Some studies have demonstrated that the epigenetic control of E-cadherin and β-catenin/LEF activity is important in establishing the metastatic potential of cancer cells (115–118). Cell lines that lack E-cadherin show increased tumorigenicity and metastasis when transferred into immunodeficient mice (118). E-cadherin expression levels vary dramatically in different human tumors, and an inverse relationship between levels of E-cadherin and patient survival has been documented (117). In this regard, mutations in the E-cadherin gene have been identified in cancer cells, making them more susceptible to EMT and metastasis (115, 116). A more thorough analysis of such mutations and their correlation to metastatic progression is still required.
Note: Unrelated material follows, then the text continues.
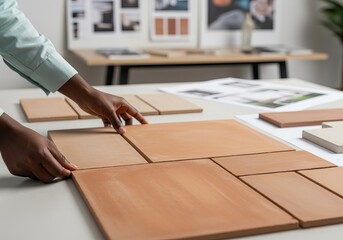 African interior designer arranging terracotta tiles in creative workspace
The central role played by E-cadherin loss in the EMT program is further illustrated by the actions of several EMT-inducing transcription factors that facilitate acquisition of a mesenchymal phenotype, such as Snail and Slug, as well as those encoding two key zinc finger–containing basic helix-loop-helix transcription factors, survival of motor neuron protein interacting protein 1 (SIP1) and E12 (also known as E47-E2A). These transcription factors are induced by TGF-β exposure and, once expressed, repress E-cadherin expression (78). Snail also facilitates an invasive phenotype in mice (31). Loss of E-cadherin promotes Wnt signaling and is associated with high levels of Snail in the nucleus (119). SIP1 represses E-cadherin expression and binds, along with Snail, to the E-cadherin promoter in an overlapping fashion (120, 121). The expression of Snail and E-cadherin correlates inversely with the prognosis of patients suffering from breast cancer or oral squamous cell carcinoma (119, 122). The use of gene expression analyses to compare expression of genes in metastatic and non-metastatic mouse breast cancer cell lines has led to the identification of Twist and Goosecoid as important genes that facilitate EMT and induce metastasis (85, 123). Some have reported that matrix-degrading enzymes such as MMP-3 facilitate EMT by inducing genomic instability via Rac1b and ROS (124).
Noncoding microRNAs are also components of the cellular signaling circuitry that regulates the EMT program. For example, microRNA 200 (miR200) and miR205 inhibit the repressors of E-cadherin expression, ZEB1 and ZEB2, and thereby help in maintaining the epithelial cell phenotype (125–129). In breast carcinoma, a loss of miR200 correlates with increased expression of vimentin and a decrease in the levels of E-cadherin in cancer cells (125–127, 129). Acting in the opposite direction, miR21 is upregulated in many cancers and facilitates TGF-β–induced EMT (130). Interestingly, CD44hiCD20lo cells purified from normal and malignant breast cancer tissue exhibit features of an EMT, and human cancer cells induced to undergo EMT exhibit stem cell–like properties and increased metastatic potential (84). Therefore, EMT may play a role in the generation of high-grade invasive cells with stem cell–like features, and the latter phenotype, which includes self-renewal potential, may facilitate the formation of secondary tumors by disseminating cancer cells, a notion that still requires direct demonstration.